Scraped caption text data:
^^^^^^^^

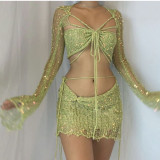 Sequins Knitted Sweater Hollow Out Long Sleeve Shawl Crop Top And Bodycon Skirt Three Piece Set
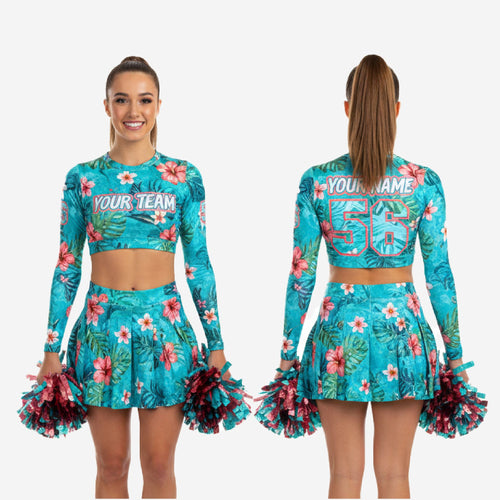 Personalized Pacific Blue Cheer Uniform - Long Sleeve Crop Top Skirt Competition Set
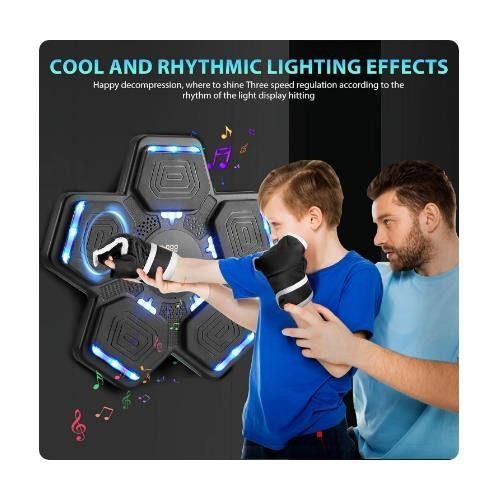 Music Boxing Machine, Wall Mounted One Punch Boxing Machine, Boxing Training Punching Equipment, Smart Boxing Pad with LED Light and Music for Kids, A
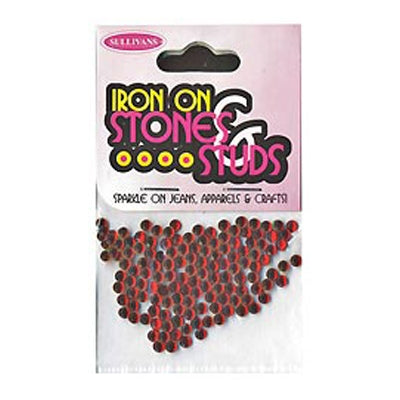 Sullivans Iron On Gems, 3mm Red- 125pk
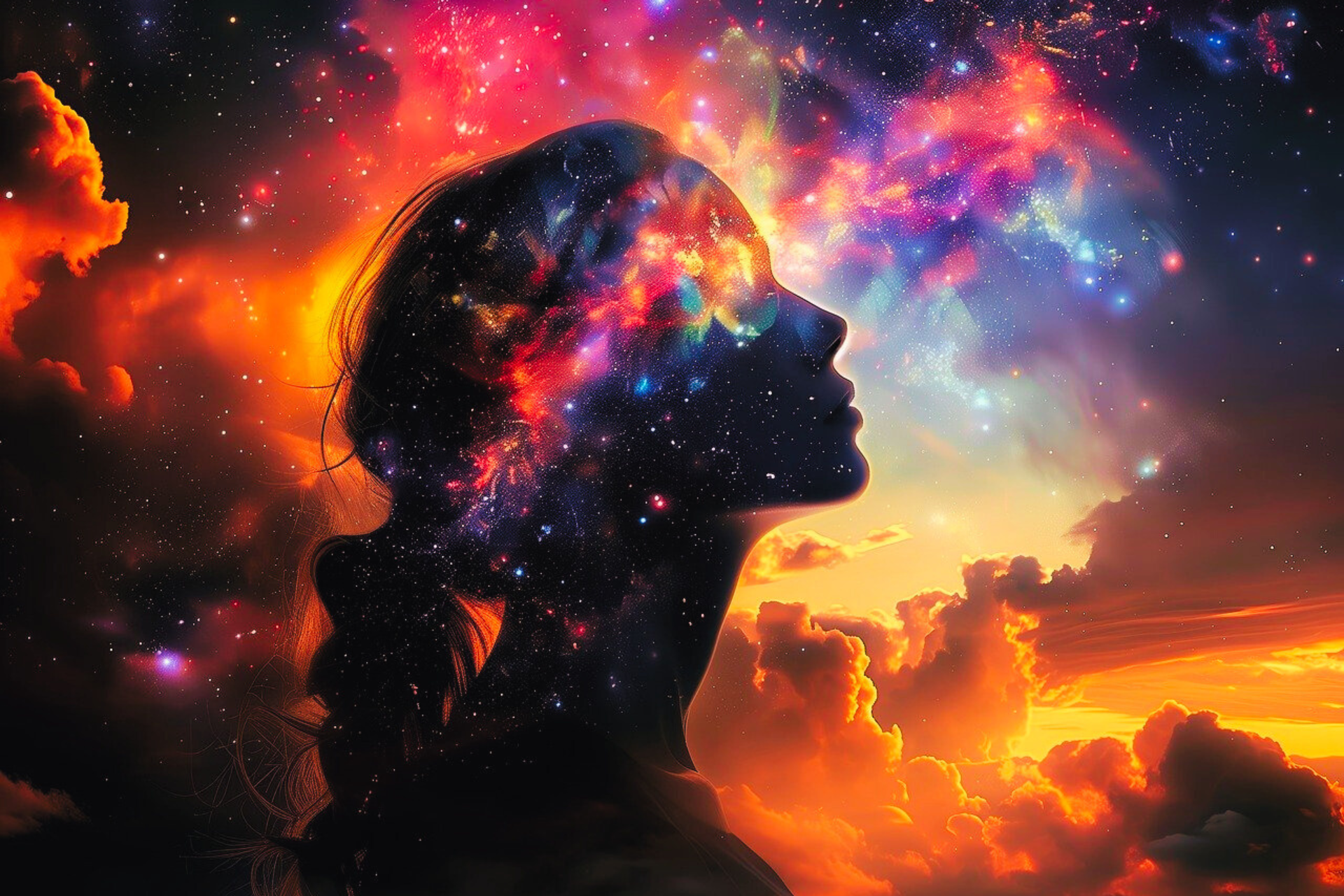 Woman in profile surrounded by stars and clouds at sunset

^^^^^^^^

Activity: Take the line containing "Personalized Pacific Blue" as the first line and the last line of the data above as the final one, and output exactly the lines between them, inclusive, with no pictures.

Exercise output:
 Personalized Pacific Blue Cheer Uniform - Long Sleeve Crop Top Skirt Competition Set
 Music Boxing Machine, Wall Mounted One Punch Boxing Machine, Boxing Training Punching Equipment, Smart Boxing Pad with LED Light and Music for Kids, A
 Sullivans Iron On Gems, 3mm Red- 125pk
 Woman in profile surrounded by stars and clouds at sunset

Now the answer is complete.